UNITED STATES DISTRICT COURT DISTRICT OF CONNECTICUT
May 3, 2021
CASE NO. 3:21-cv-215 (MPS) (D. Conn. May. 3, 2021)

Opinion

CASE NO. 3:21-cv-215 (MPS)

05-03-2021

THOMAS SENTEMENTES, Plaintiff, v. NED LAMONT, Defendant.


ORDER

Plaintiff Thomas Sentementes, incarcerated at Osborn Correctional Institution in Somers, Connecticut, filed this case under 42 U.S.C. §§ 1983, 1985, and 1986. The plaintiff names one defendant, Governor Ned Lamont, in the caption of the complaint but includes twelve defendants on an attached handwritten complaint, i.e., Governor Ned Lamont, Warden Robert Martin, Public Defender Robert Leaf, Bethel First Selectman Matthew Knickenbocker, Bethel Police Chief Jeffrey Finch, Bethel Police Sergeant Rost, Bethel Police Corporal Zor, Bethel Police Officer Emerson, Pasqualina Bastone, Daniel Sentementes, Bank of America CEO Brian Moynihan, and the President or Director of Danbury Hospital. Liberally construing the plaintiff's submission, the Court considers all ten persons as defendants in this case. The plaintiff asserts federal claims for violation of his rights under 42 U.S.C. §§ 1983, 1985, and 1986, as well as conspiracy and malicious prosecution, and state law claims for slander, defamation of character, breach of fiduciary duties, and intentional infliction of emotional distress. For each claim, the plaintiff seeks punitive, exemplary, compensatory, and emotional distress damages in the amount of $2,000,000.00 each.

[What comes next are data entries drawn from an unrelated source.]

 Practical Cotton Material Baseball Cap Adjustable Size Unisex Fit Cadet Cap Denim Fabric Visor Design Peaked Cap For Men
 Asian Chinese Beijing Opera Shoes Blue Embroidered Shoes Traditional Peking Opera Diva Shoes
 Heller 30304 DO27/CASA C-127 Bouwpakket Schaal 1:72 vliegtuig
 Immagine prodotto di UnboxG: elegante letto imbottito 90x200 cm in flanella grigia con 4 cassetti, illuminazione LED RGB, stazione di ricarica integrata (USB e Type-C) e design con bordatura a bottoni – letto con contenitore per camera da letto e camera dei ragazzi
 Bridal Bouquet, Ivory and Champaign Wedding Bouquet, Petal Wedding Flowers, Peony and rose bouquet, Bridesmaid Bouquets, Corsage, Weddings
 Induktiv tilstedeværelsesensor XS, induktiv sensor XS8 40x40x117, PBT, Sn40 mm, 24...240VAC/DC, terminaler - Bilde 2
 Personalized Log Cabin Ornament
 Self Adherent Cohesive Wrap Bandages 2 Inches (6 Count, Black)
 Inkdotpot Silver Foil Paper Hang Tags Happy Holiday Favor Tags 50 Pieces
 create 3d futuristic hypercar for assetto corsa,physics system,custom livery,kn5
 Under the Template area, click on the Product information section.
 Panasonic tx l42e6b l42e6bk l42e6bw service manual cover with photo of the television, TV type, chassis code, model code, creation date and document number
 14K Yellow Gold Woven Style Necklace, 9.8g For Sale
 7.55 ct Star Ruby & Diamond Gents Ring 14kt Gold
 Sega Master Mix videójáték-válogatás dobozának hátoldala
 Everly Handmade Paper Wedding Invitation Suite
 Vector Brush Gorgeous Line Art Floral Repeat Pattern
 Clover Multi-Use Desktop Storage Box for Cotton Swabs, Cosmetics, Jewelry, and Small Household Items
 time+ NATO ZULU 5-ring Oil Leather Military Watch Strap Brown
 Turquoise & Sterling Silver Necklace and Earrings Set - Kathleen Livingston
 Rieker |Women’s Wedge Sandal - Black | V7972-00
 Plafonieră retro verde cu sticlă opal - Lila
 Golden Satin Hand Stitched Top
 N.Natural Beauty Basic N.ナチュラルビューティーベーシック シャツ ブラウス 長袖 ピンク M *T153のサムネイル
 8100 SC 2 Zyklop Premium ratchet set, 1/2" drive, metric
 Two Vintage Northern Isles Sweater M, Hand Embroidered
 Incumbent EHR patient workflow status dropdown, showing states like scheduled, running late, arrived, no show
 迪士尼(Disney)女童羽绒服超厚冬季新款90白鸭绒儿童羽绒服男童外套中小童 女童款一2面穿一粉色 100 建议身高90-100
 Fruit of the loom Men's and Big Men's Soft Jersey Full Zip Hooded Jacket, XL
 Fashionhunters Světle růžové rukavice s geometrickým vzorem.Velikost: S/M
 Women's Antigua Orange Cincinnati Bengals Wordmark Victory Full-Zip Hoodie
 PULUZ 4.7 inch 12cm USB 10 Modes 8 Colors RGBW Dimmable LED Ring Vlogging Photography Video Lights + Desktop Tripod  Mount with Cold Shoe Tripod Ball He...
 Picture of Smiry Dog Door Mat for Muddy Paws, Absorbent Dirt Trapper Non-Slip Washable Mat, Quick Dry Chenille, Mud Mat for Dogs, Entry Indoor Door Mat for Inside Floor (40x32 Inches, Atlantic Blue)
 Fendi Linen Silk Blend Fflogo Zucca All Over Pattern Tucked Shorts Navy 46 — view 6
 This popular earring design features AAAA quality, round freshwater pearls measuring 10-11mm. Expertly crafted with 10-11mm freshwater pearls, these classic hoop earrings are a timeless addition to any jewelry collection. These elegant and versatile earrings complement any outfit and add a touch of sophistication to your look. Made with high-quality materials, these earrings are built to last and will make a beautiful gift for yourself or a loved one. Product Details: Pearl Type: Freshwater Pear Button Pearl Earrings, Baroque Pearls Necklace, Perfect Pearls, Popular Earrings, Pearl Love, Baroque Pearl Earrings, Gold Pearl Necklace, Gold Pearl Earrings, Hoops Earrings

The Court must review prisoner civil complaints and dismiss any portion of the complaint that is frivolous or malicious, that fails to state a claim upon which relief may be granted, or that seeks monetary relief from a defendant who is immune from such relief. 28 U.S.C. § 1915A. This requirement applies to all prisoner filings regardless whether the prisoner pays the filing fee. Nicholson v. Lenczewski, 356 F. Supp. 2d 157, 159 (D. Conn. 2005) (citing Carr v. Dvorin, 171 F.3d 115 (2d Cir. 1999) (per curiam)). Here, the plaintiff is proceeding in forma pauperis.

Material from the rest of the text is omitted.